• _WORK TO COMPLETE_
Pictures excluded, output exactly the lines from the one containing "Ant Esports Elite" through the last line of the listing below.

• _TASK INPUT_

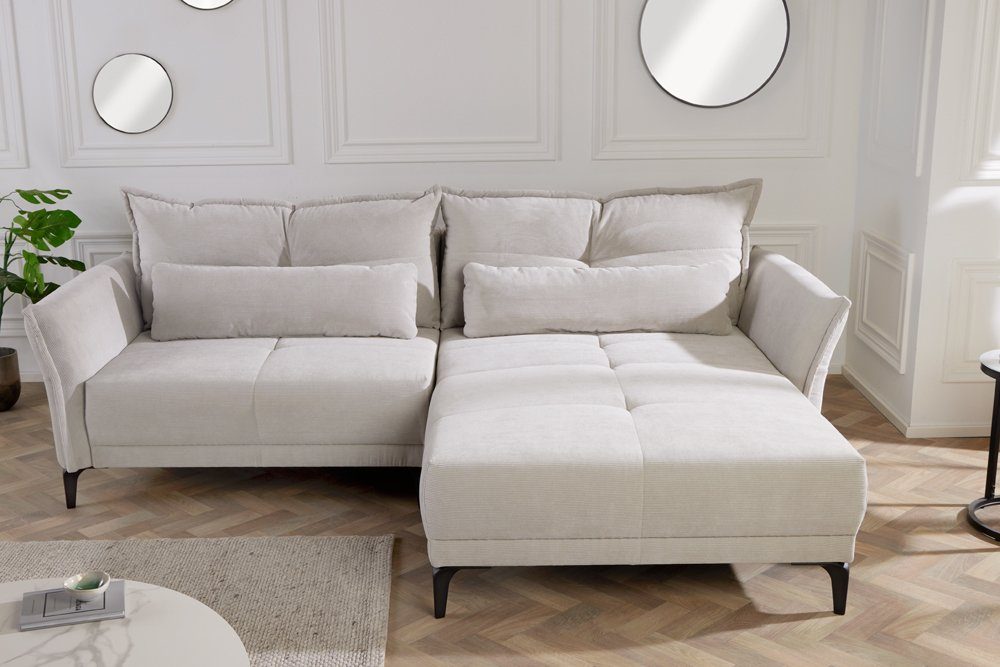 riess-ambiente Ecksofa DESIGNO 250cm beige / schwarz, Einzelartikel 1 Teile günstig online kaufen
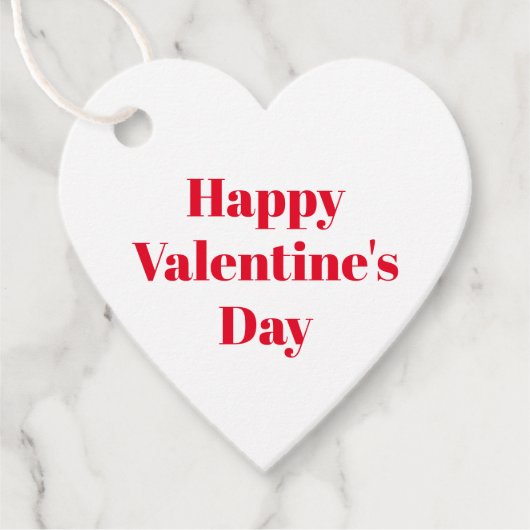 ハッピーバレンタインデー赤と白かわいいハート フェイバータグ (正面)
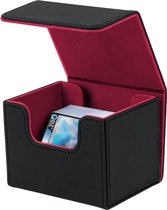 Deck Box pour cartes MTG, Card Deck Box, adapté pour plus de 100 cartes simples, support de jeu de cartes pour cartes TCG, boîte de deck en cuir PU, boîte de rangement, noir et rouge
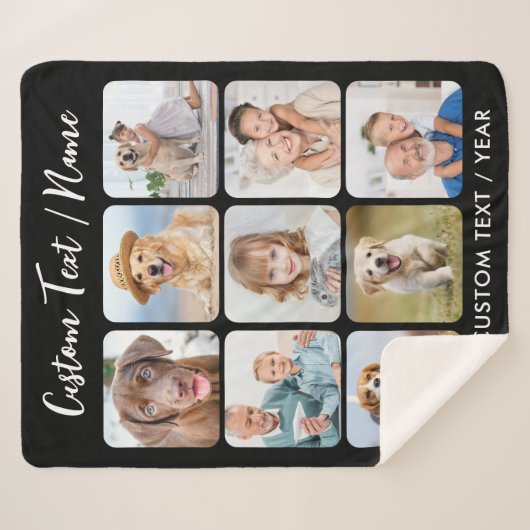 Creëer Uw eigen persoonlijke 9 Afbeelding collage Sherpa Deken (Voorkant (horizontaal))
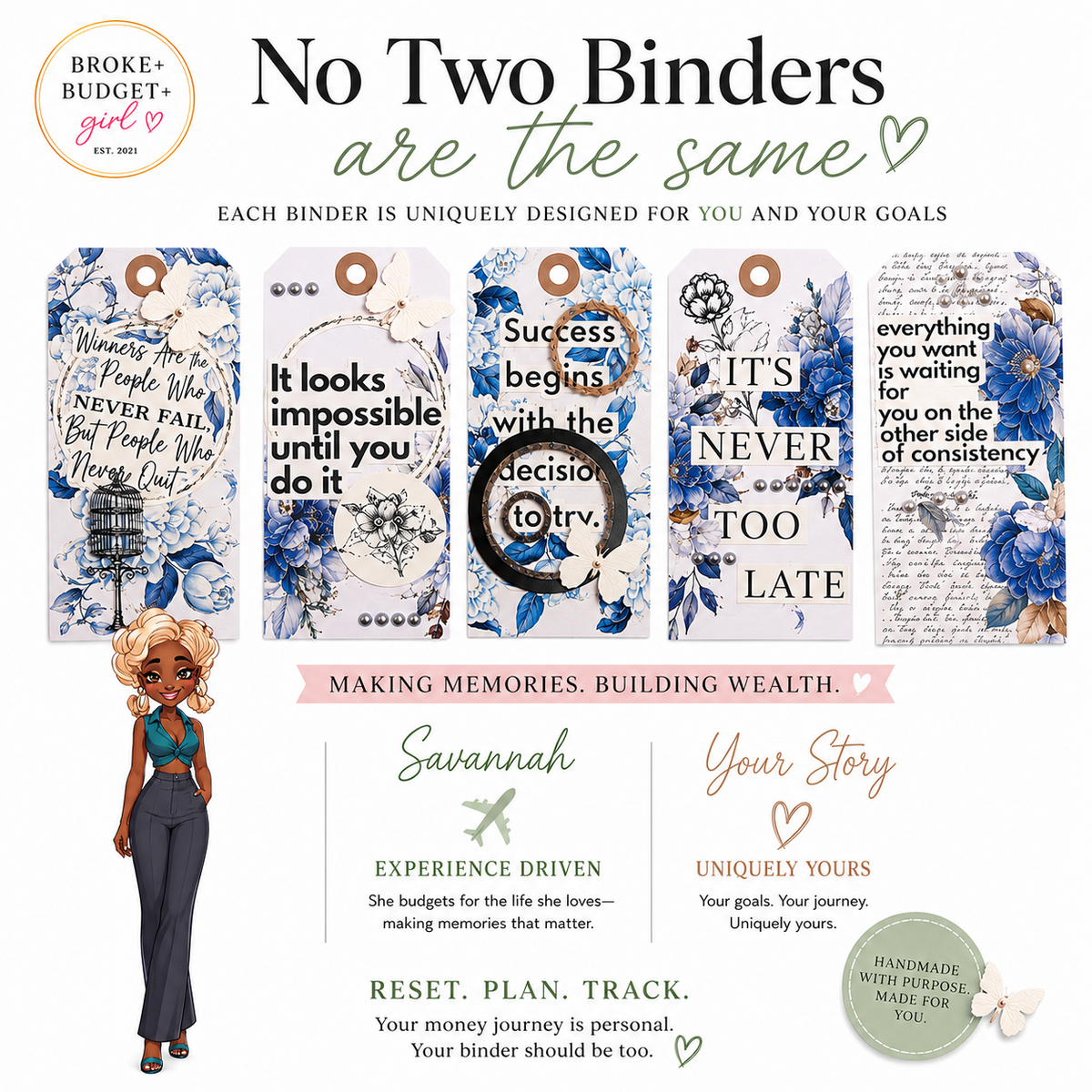Handmade planner tags with unique decorative designs created to complement the Savannah financial planner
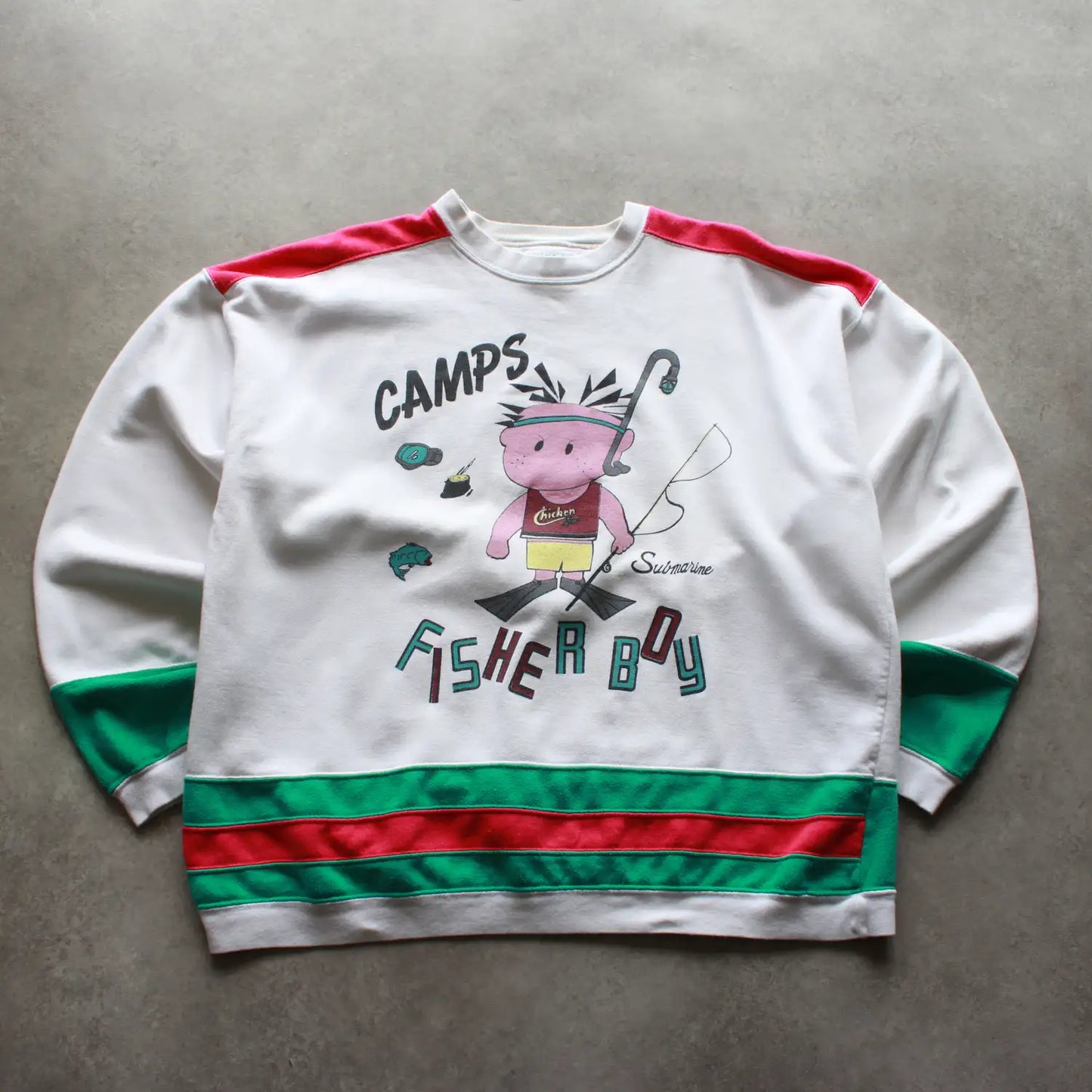 Camps Fisher Boy Printed Crewneck – White/Green/Red (Man-L)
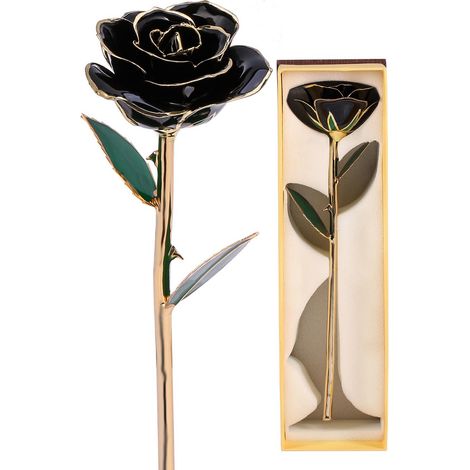 Roses rouges à longues tiges avec garniture en or 24 carats, présentées dans un coffret cadeau et un support dorés (les roses noires sont également livrées avec un support). (1/5)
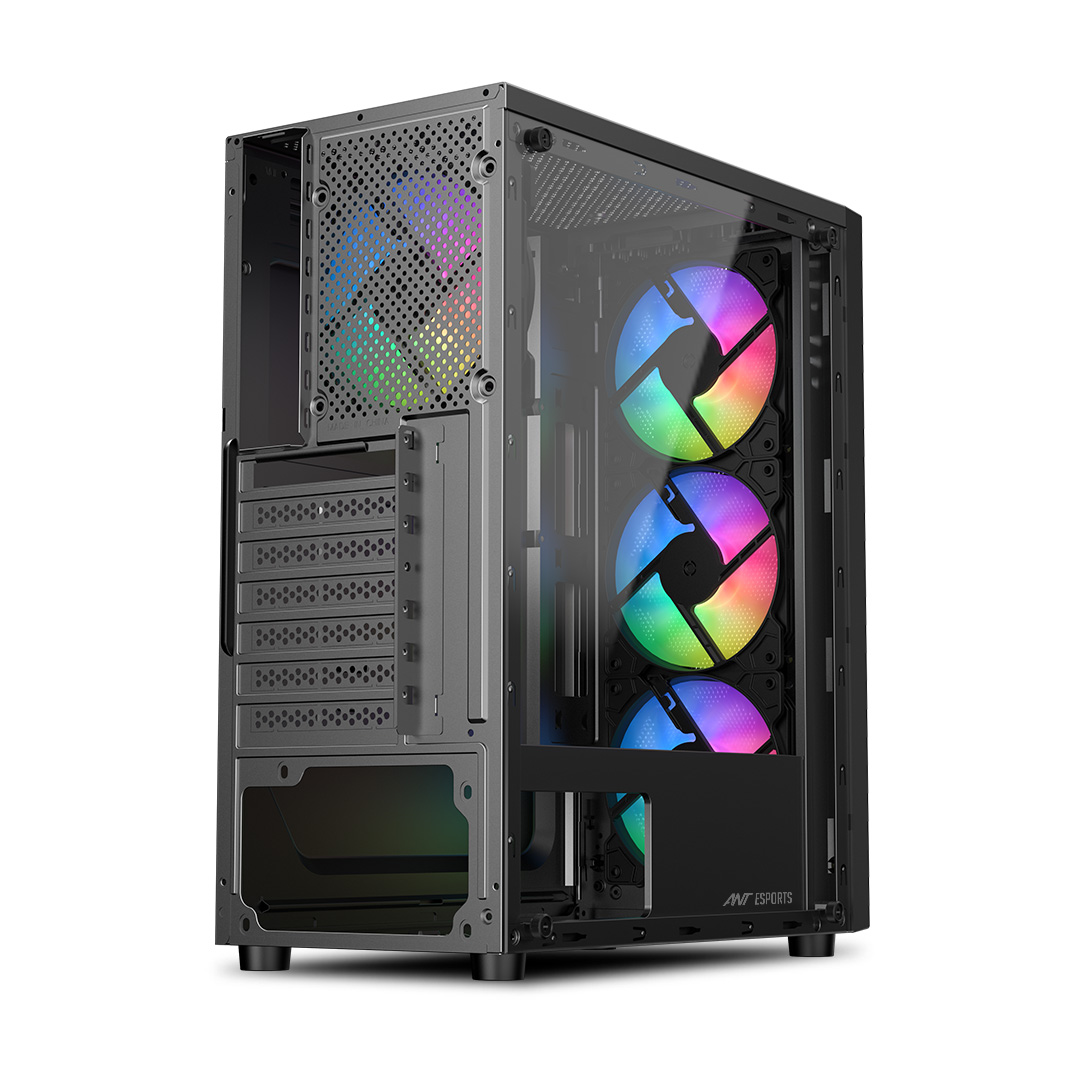 Ant Esports Elite 1120 Mid Tower ATX/Micro-ATX/ITX Black Cabinet 4x120mm Static RGB Fans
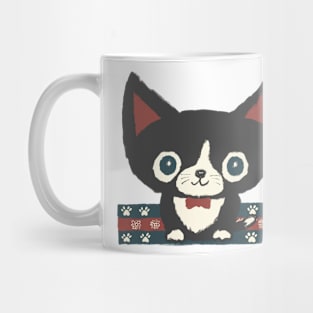 Black kitten and tie Mug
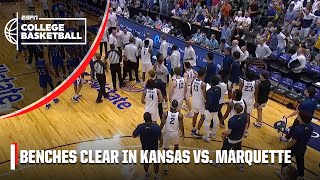 BENCHES CLEAR in Kansas vs Marquette 😤  ESPN College Basketball [upl. by Enidlarej]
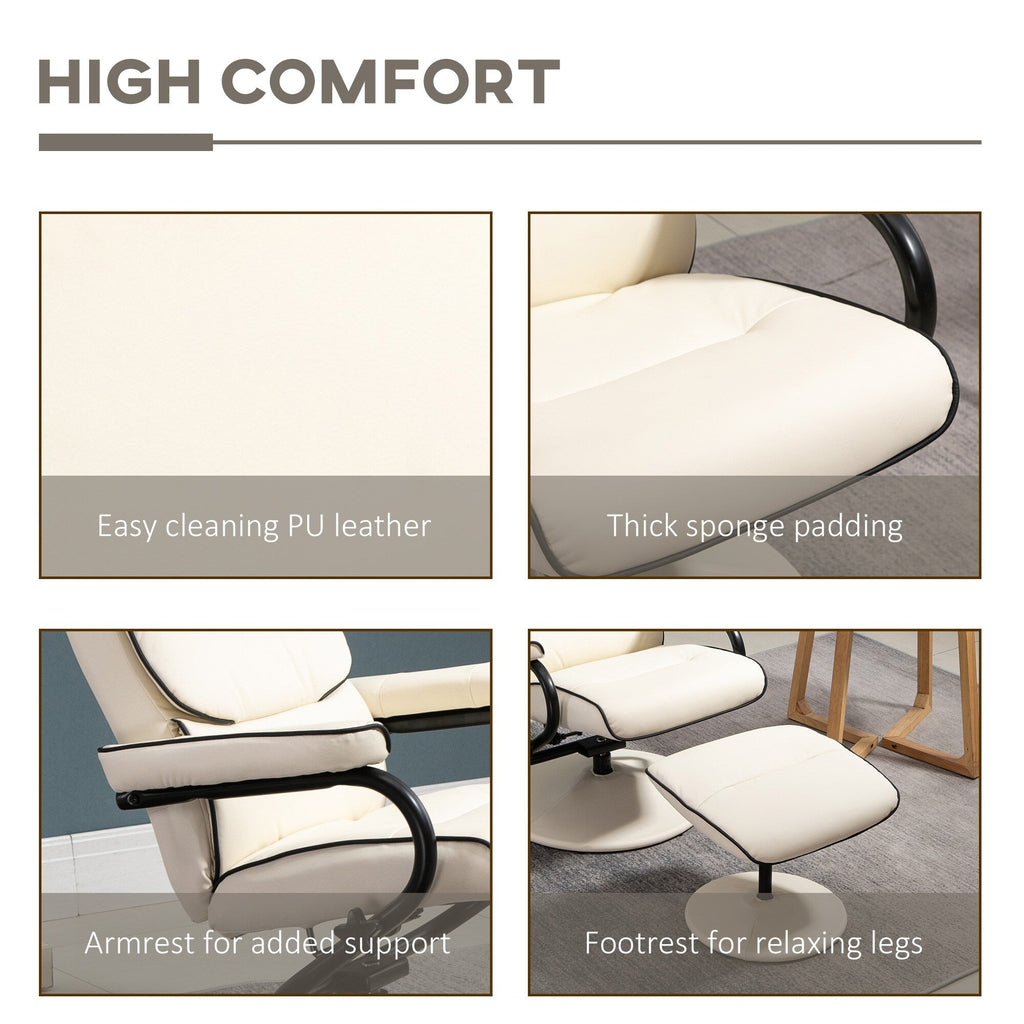 Fauteuil inclinable pivotant à 360° en cuir PU, chaise de salon réglable, dossier haut, accoudoirs, avec repose-pieds et rembourrage en mousse épaisse.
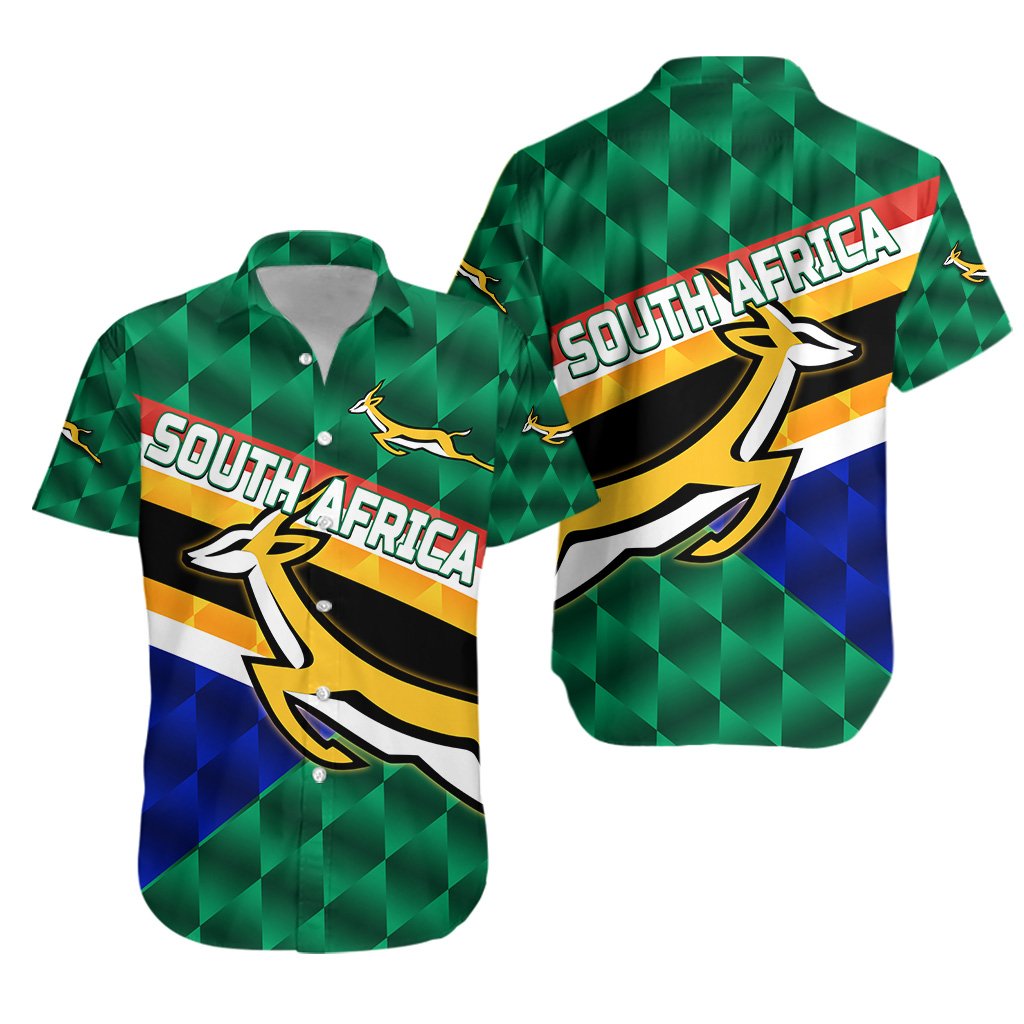 South Africa Hawaiian Shirt Springboks Rugby Sporty Style - Vibe Hoodie Shop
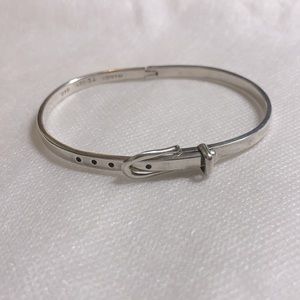 Sterling Silver Belt Bucket Bracelet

• _OUTPUT OF THE EXERCISE_
 Ant Esports Elite 1120 Mid Tower ATX/Micro-ATX/ITX Black Cabinet 4x120mm Static RGB Fans
 Black kitten and tie Mug
 BENCHES CLEAR in Kansas vs Marquette 😤  ESPN College Basketball [upl. by Enidlarej]
 Fauteuil inclinable pivotant à 360° en cuir PU, chaise de salon réglable, dossier haut, accoudoirs, avec repose-pieds et rembourrage en mousse épaisse.
 South Africa Hawaiian Shirt Springboks Rugby Sporty Style - Vibe Hoodie Shop
 Sterling Silver Belt Bucket Bracelet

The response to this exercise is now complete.